Die Risikoverschiebung zu Lasten der Wirtschaft ergibt sich aus folgenden Gründen:
1. Absolute Betragsgrenzen sind kein tauglicher Anknüpfungspunkt für drastische Strafdrohungen
Im vorliegenden Gesetzesentwurf wird die Höhe der Steuernachzahlung vielfach zum entscheidenden Kriterium dafür gemacht,
· ob in der Praxis überhaupt ein Finanzstrafverfahren einzuleiten ist (bis zu EUR 10.000,00 sollen als „Kavaliersdelikt“ ähnlich einer Anonymverfügung durch so genannte „Abgabenerhöhung“ abgedealt werden können), hingegen
· sollen Berater ab einem Beratungsfehler von EUR 30.000,00 kriminalisiert werden, und
· Nachzahlungen, die einen Betrag von EUR 100.000,00 übersteigen, sollen zu massiven Strafdrohungen gegen die handelnden Personen führen.

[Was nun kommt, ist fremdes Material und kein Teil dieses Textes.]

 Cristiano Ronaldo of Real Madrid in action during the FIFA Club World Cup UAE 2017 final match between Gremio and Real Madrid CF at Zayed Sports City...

Würden sich die in der Wirtschaft tätigen Manager und deren Berater ständig an derartigen Wertgrenzen orientieren müssen, um das persönliche Haftungsrisiko ihrer Tätigkeit zu beurteilen, würde man jedes effiziente Management eines größeren Unternehmens massiv behindern, weil die Entscheidungsgeschwindigkeit extrem verlangsamt werden würde. Heikle Entscheidungen würden zwischen Management und Beratern hin- und hergeschoben werden, viele wirtschaftlich sinnvollen Entscheidungen würden nicht rechtzeitig erfolgen können:
Viele Sachverhalte (grenzüberschreitende Verrechnungspreise, Konzernumlagen, etc) sind eben nicht exakt und außer Streit bewertbar, liegen aber immer über den EUR 100.000,00 – und damit wird der Berufsstand CFO zwangsläufig kriminalisiert.
Eine Versicherungsdeckung der handelnden Personen für Geldstrafen wäre zweifelhaft, würde jedenfalls zu einem Kostenschub führen und das Risiko für Haftstrafen (dazu später) würde die Entscheidungsfindung endgültig einbremsen.
2. Der Sanktionsmechanismus ist völlig aus dem Rahmen geraten
2.1 Verhängung primärer Freiheitsstrafen
Bei Abgabenhinterziehung mit einem Verkürzungsbetrag von mehr als EUR 100.000,00 ist zwingend eine Freiheitsstrafe von bis zu zwei Jahren und zusätzlich eine Geldstrafe bis zu EUR 2 Mio zu verhängen. Die Vorstellung, dass ein Betrag von EUR 100.000,00 die Grundlage für die Beurteilung eines allenfalls deliktischen Verhaltens eines Managers abgeben kann, ist völlig wirtschaftsfremd. Alleine beim Volumen an Umsatzsteuer und Vorsteuer, das in tausenden österreichischen Unternehmen jährlich bewegt wird, ist diese Betragsgrenze absurd gering.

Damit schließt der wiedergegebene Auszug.